Main sources: Spaces/Structures and Structures

The proof-of-concept structure consists of

  1. background,
  2. procedures,
  3. findings, and
  4. interpretation.[3]

Phase I[edit]

"Proof of Concept PoC refers to early clinical drug development, conventionally divided into Phase I and Phase IIa."[4]

"Phase I is typically conducted in 10-20 healthy volunteers who are given single doses or short courses of treatment (e.g., up to 2 weeks). Studies in this Phase aim to show that the new drug has some of the desired clinical activity (e.g., that an experimental antihypertensive drug actually has some effect on reducing blood pressure), that it can be tolerated when given to humans, and to give guidance as to dose levels that are worthy of further study. Other Phase I studies aim to investigate how the new drug is absorbed, distributed, metabolised and excreted (so-called ADME studies)."[4]

Phase II[edit]

"Phase IIa is typically conducted in up to 100 patients with the disease of interest.
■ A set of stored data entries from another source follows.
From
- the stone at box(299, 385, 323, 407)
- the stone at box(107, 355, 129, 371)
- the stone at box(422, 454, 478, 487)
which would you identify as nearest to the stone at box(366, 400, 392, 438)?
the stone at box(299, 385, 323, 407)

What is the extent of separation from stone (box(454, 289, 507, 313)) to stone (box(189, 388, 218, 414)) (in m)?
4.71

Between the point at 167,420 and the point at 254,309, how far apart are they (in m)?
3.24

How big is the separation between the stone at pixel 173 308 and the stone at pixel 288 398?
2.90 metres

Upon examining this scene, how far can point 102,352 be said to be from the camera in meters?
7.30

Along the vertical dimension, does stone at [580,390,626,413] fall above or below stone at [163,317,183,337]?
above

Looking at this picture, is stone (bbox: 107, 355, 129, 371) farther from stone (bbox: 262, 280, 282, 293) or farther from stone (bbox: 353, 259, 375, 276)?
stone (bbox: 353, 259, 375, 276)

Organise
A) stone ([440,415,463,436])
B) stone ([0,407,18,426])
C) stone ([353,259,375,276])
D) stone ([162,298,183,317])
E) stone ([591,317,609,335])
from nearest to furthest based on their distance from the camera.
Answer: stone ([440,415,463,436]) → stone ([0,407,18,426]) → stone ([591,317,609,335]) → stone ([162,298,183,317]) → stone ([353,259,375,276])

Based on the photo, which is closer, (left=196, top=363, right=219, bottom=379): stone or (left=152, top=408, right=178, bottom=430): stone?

Studies in this Phase aim to show that the new drug has a useful amount of the desired clinical activity (e.g., that an experimental antihypertensive drug reduces blood pressure by a useful amount), that it can be tolerated when given to humans in the longer term, and to investigate which dose levels might be most suitable for eventual marketing."[4]

"A decision is made at this point as to whether to progress the drug into later development, or if it should be dropped."[4]

"[A] proof-of-concept prototype is used in the initial stages of design."[5]

Clinical trials[edit]

"However, definitive proof of concept would require prospective clinical trial evidence that demonstrates that optimization of dyslipidemia would result in a reduction in risk from the complications of atherosclerosis."[6]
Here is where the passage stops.